The Queen of Procrastination
I have something to say.
And I’m not sure where to start. The word procrastination keeps circling my brain like a vulture waiting to pounce on it’s prey.
I got guilted into writing today. And I am SO thankful for my accountability buddy for making me feel this way. You know who you are.
I’m not sure what it is…maybe it’s because I have so many thoughts and ideas floating around in my head and the idea of putting them together in to logical sentences is overwhelming. Or maybe it’s because people tell me that I have lots of good information to share, but hey, so do a gazillion other people, and I don’t really believe them. Or maybe I’ve procrastinated writing because I’ve had too much other, more important things to do. (that’s a flat out lie.)
Merriam Webster defines procrastinating – to put off intentionally and habitually. I nailed it. So, when I was meeting with my accountability buddy a few days ago (let’s call her “Julie”), we had a serious chat about procrastination. Basically, me not writing this blog wasn’t painful enough. There were no consequences. The earth wasn’t going to cave in. Nothing was going to happen to my favorite tea mug. My hair wasn’t going to fall out. I was still going to function like an adult.

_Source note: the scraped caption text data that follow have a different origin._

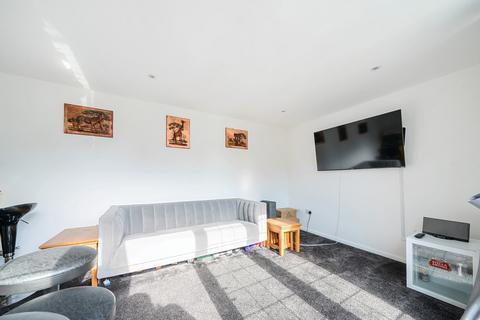 198 Hamilton Avenue, Cheam, Sutton, SM3 9DT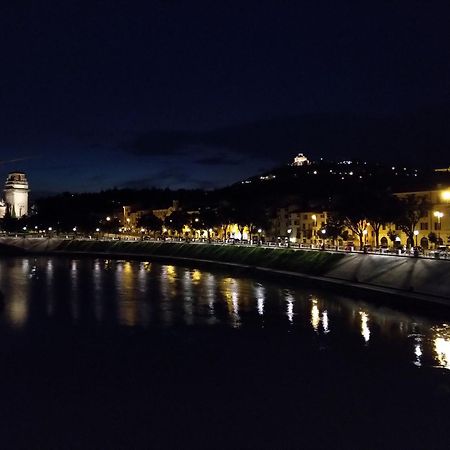 Across The River And Into The Trees Verona Exterior foto
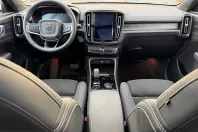 Volvo XC40 din 2022 cu 42.700 km - oferta VOL223972 - foto 15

But here’s what happened next. “Julie” said something that hit my guilt muscle. She said something about making a commitment and not following through She said something about me having something worthwhile to say, and people wanted to hear from me. She said something about disappointing others. And that hurt. (and I was SO grateful to her for saying those things!)

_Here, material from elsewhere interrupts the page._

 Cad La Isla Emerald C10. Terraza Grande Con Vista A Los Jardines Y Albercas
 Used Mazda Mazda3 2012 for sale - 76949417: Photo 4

So, that chat has kicked me into gear. I have procrastinated on MANY things lately, and over the last 48 hours, I’ve dug deep and crossed MANY things off of my to-do list in my monaplanner© (thank goodness I had them written down.)
But, the end of the world was drawing near, and I knew I had to write my feelings about procrastinating.
Oh, part of the procrastinating process was researching procrastination (that was after scouring through my recipes and not finding anything I wanted to make, going to a movie, running into Target without a list and finally, yes FINALLY deciding that I would head to the library and NOT LEAVE until this was done) I have 1 hour and 11 minutes before they close.
I’ve also already done my weekly brain dump, which usually doesn’t happen until after 6pm on a Sunday, I’ve done 3 loads of laundry, decided on a few recipes for the week, and read for an hour. You see, I’m milking this procrastination game for all I can. Who am I kidding…I’ve been uber productive!
Here’s a good article that made me think it was written just for me, and maybe you too. I think the hardest thing about putting off writing this post was admitting that I don’t always practice what I preach. Hard pill to swallow sometimes.
So, what have I learned?
Accountability buddies are worth their weight in gold.
Writing at the library is fairly free of distractions.
Guilt, and fear of disappointing someone can be a great motivator for me.
If I just “did the task” to begin with, I could avoid the guilt.
I am my best audience
I’d love to hear how you procrastinate. When you get around to it.